[Source data Boundary: Start]

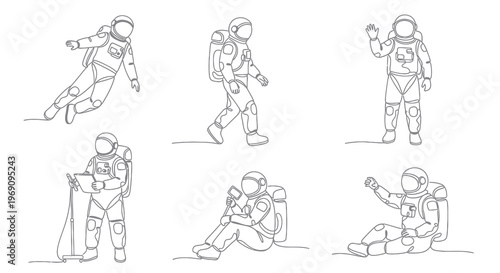 Black and White Line Art Astronauts in Various Poses, Space Exploration Vector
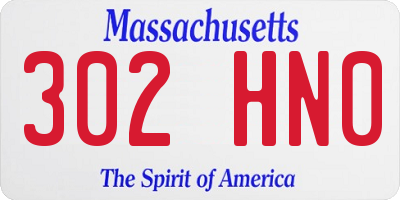 MA license plate 302HN0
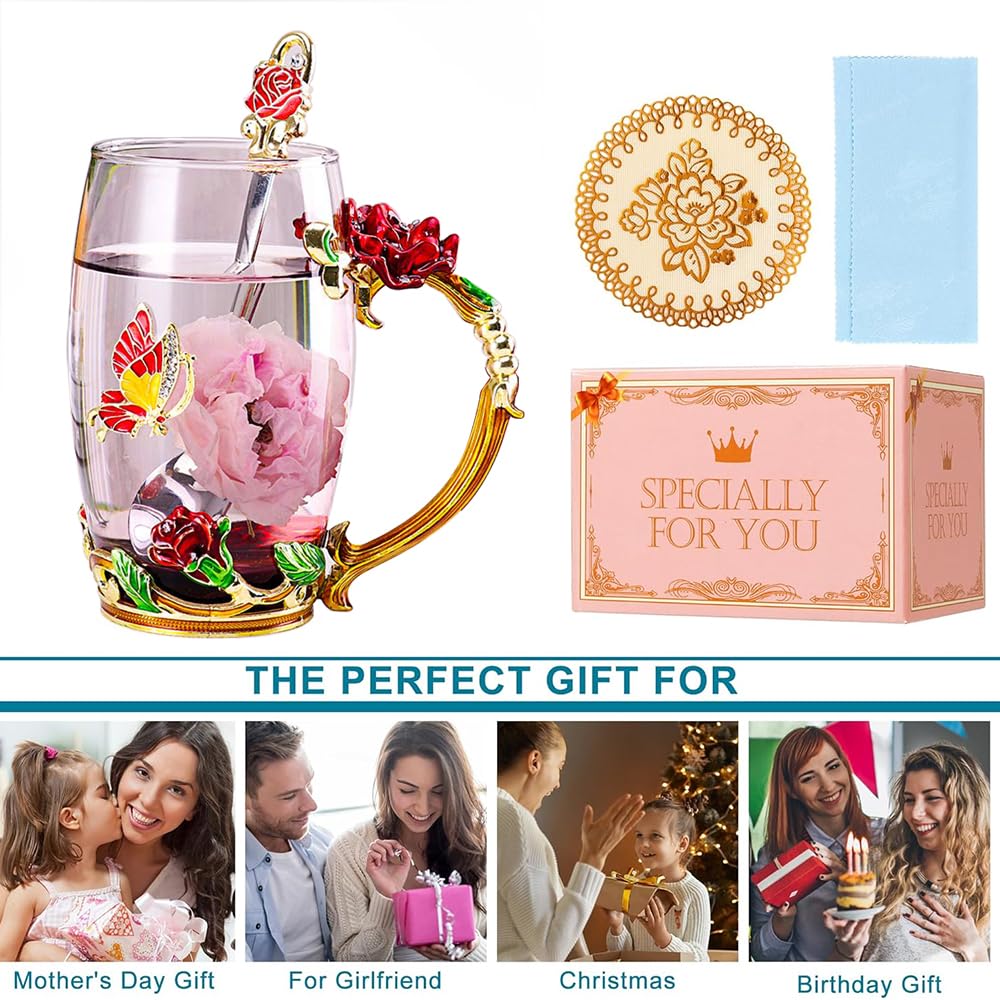 Butterfly Flower Enamel Glass Tea Cup & Coffee Mug - Rose Red Cute Gift for Women, Mom, Grandma, Wife - Perfect for Mother's Day, Anniversary, Christmas, Valentine's Day - Ideal for Tea Parties, Coffee Breaks & Home Decor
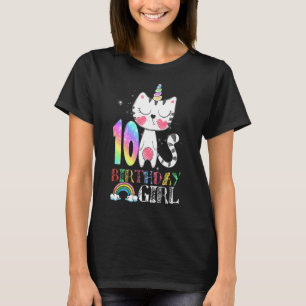 Camiseta Caticorn de unicornio lindo arcoiris 10 cumpleaños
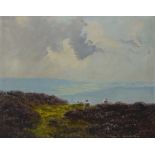 View of Moorland Looking Towards the Sea with Sheep,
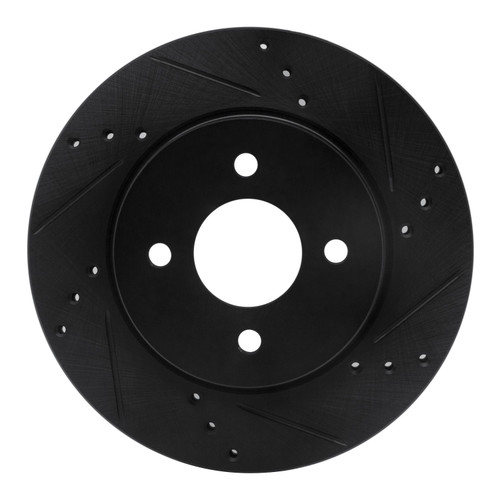 DFC Rotors-Drilled and Slotted-Black with 5000 Advanced Brake Pads for 2012-2019 Nissan (March, Micra, Note, Versa) 8502-67064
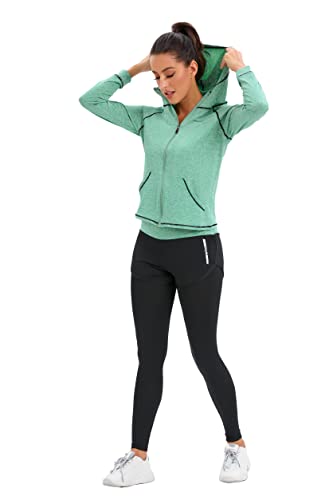 ZETIY Women's 5pcs Yoga Suit Sweatsuit Women's Activewear Sets Sport Yoga Fitness Clothing Ladies Workout Outfit Sportsuits for Running Jogging Gym Green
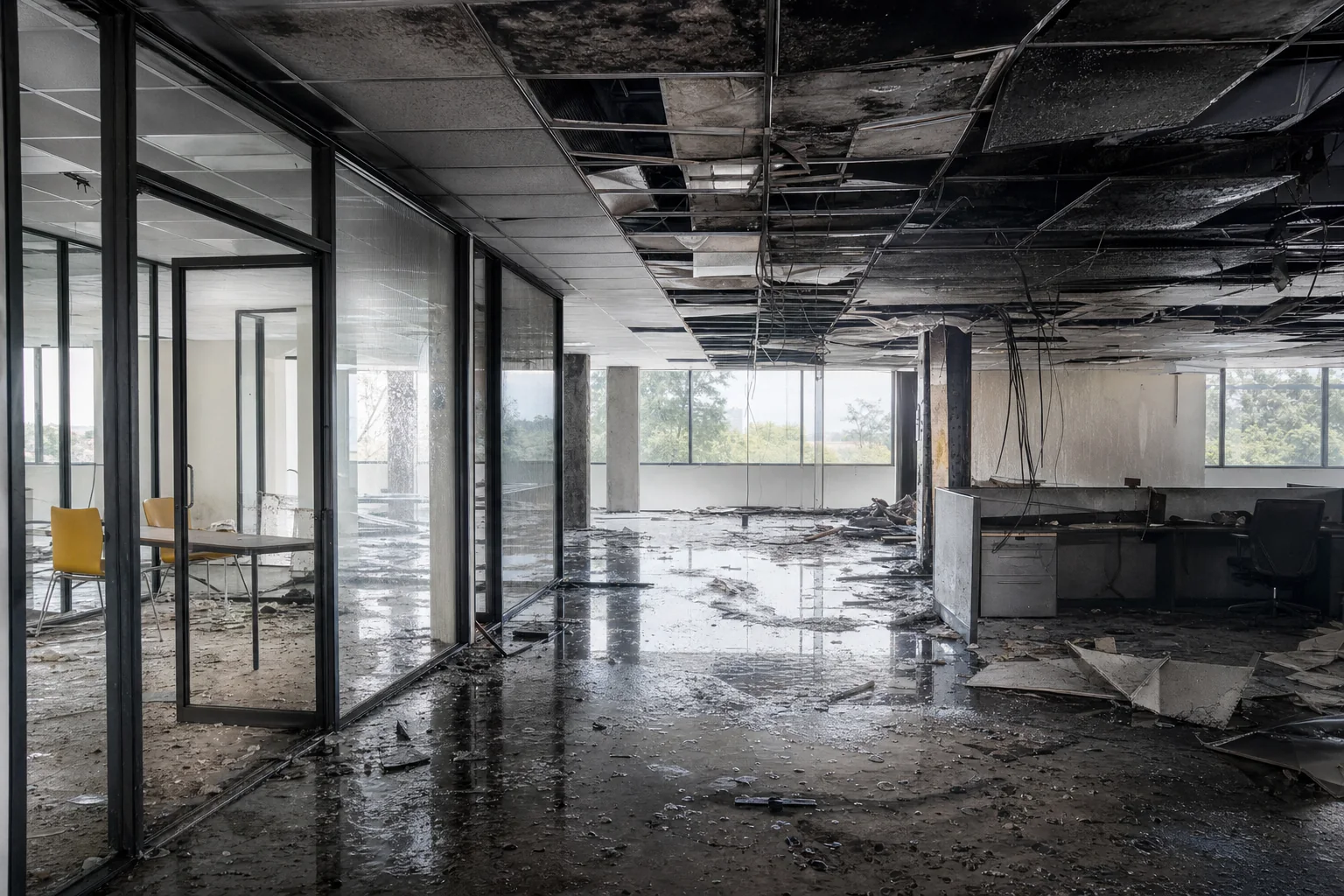 Property damage in Landmark, VA before AZA Restoration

[Source data Boundary: End]

The pictures stay out; everything else in the records above must be repeated exactly.

[Answer below]
 Black and White Line Art Astronauts in Various Poses, Space Exploration Vector
 MA license plate 302HN0
 Butterfly Flower Enamel Glass Tea Cup & Coffee Mug - Rose Red Cute Gift for Women, Mom, Grandma, Wife - Perfect for Mother's Day, Anniversary, Christmas, Valentine's Day - Ideal for Tea Parties, Coffee Breaks & Home Decor
 Camiseta Caticorn de unicornio lindo arcoiris 10 cumpleaños
 View of Moorland Looking Towards the Sea with Sheep,
 DFC Rotors-Drilled and Slotted-Black with 5000 Advanced Brake Pads for 2012-2019 Nissan (March, Micra, Note, Versa) 8502-67064
 ZETIY Women's 5pcs Yoga Suit Sweatsuit Women's Activewear Sets Sport Yoga Fitness Clothing Ladies Workout Outfit Sportsuits for Running Jogging Gym Green
 Property damage in Landmark, VA before AZA Restoration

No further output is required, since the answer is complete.